* _INSTRUCTIONS TO FOLLOW_:
Up to and including the line that contains "ORIGINAL Fair and", reproduce every line exactly, beginning with the first line below.

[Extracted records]
************
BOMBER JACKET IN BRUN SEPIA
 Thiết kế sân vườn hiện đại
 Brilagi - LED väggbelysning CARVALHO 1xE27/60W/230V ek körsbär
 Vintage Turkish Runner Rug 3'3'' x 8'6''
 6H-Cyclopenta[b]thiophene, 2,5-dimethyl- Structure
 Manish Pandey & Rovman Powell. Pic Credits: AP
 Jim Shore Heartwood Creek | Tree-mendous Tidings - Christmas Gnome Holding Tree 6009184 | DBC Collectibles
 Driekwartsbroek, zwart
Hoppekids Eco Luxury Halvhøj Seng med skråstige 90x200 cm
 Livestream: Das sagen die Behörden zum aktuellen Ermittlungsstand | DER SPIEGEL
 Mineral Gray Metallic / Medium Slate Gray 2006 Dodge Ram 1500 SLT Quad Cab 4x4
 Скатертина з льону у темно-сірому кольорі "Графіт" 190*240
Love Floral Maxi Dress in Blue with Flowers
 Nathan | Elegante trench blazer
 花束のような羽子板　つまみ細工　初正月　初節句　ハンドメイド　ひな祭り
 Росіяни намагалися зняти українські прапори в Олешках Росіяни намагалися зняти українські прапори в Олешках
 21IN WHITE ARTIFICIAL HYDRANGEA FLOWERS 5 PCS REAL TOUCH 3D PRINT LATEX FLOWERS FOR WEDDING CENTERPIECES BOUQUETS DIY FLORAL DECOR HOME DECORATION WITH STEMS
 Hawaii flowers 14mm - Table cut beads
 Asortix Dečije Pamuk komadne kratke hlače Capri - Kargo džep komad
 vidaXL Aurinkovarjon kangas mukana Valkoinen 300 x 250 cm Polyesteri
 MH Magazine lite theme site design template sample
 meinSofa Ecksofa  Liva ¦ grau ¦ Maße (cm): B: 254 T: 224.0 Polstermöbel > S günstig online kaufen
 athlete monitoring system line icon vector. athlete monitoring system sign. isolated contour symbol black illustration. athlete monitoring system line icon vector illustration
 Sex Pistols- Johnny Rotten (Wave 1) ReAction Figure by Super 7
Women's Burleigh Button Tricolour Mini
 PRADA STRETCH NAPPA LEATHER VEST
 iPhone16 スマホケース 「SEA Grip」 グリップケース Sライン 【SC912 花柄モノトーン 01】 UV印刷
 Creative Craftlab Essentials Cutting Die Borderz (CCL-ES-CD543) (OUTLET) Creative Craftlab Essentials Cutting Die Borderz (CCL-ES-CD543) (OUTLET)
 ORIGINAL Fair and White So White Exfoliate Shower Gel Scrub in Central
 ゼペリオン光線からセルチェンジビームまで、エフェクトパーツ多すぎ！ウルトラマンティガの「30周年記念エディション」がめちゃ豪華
************
* _RESPONSE_:
BOMBER JACKET IN BRUN SEPIA
 Thiết kế sân vườn hiện đại
 Brilagi - LED väggbelysning CARVALHO 1xE27/60W/230V ek körsbär
 Vintage Turkish Runner Rug 3'3'' x 8'6''
 6H-Cyclopenta[b]thiophene, 2,5-dimethyl- Structure
 Manish Pandey & Rovman Powell. Pic Credits: AP
 Jim Shore Heartwood Creek | Tree-mendous Tidings - Christmas Gnome Holding Tree 6009184 | DBC Collectibles
 Driekwartsbroek, zwart
Hoppekids Eco Luxury Halvhøj Seng med skråstige 90x200 cm
 Livestream: Das sagen die Behörden zum aktuellen Ermittlungsstand | DER SPIEGEL
 Mineral Gray Metallic / Medium Slate Gray 2006 Dodge Ram 1500 SLT Quad Cab 4x4
 Скатертина з льону у темно-сірому кольорі "Графіт" 190*240
Love Floral Maxi Dress in Blue with Flowers
 Nathan | Elegante trench blazer
 花束のような羽子板　つまみ細工　初正月　初節句　ハンドメイド　ひな祭り
 Росіяни намагалися зняти українські прапори в Олешках Росіяни намагалися зняти українські прапори в Олешках
 21IN WHITE ARTIFICIAL HYDRANGEA FLOWERS 5 PCS REAL TOUCH 3D PRINT LATEX FLOWERS FOR WEDDING CENTERPIECES BOUQUETS DIY FLORAL DECOR HOME DECORATION WITH STEMS
 Hawaii flowers 14mm - Table cut beads
 Asortix Dečije Pamuk komadne kratke hlače Capri - Kargo džep komad
 vidaXL Aurinkovarjon kangas mukana Valkoinen 300 x 250 cm Polyesteri
 MH Magazine lite theme site design template sample
 meinSofa Ecksofa  Liva ¦ grau ¦ Maße (cm): B: 254 T: 224.0 Polstermöbel > S günstig online kaufen
 athlete monitoring system line icon vector. athlete monitoring system sign. isolated contour symbol black illustration. athlete monitoring system line icon vector illustration
 Sex Pistols- Johnny Rotten (Wave 1) ReAction Figure by Super 7
Women's Burleigh Button Tricolour Mini
 PRADA STRETCH NAPPA LEATHER VEST
 iPhone16 スマホケース 「SEA Grip」 グリップケース Sライン 【SC912 花柄モノトーン 01】 UV印刷
 Creative Craftlab Essentials Cutting Die Borderz (CCL-ES-CD543) (OUTLET) Creative Craftlab Essentials Cutting Die Borderz (CCL-ES-CD543) (OUTLET)
 ORIGINAL Fair and White So White Exfoliate Shower Gel Scrub in Central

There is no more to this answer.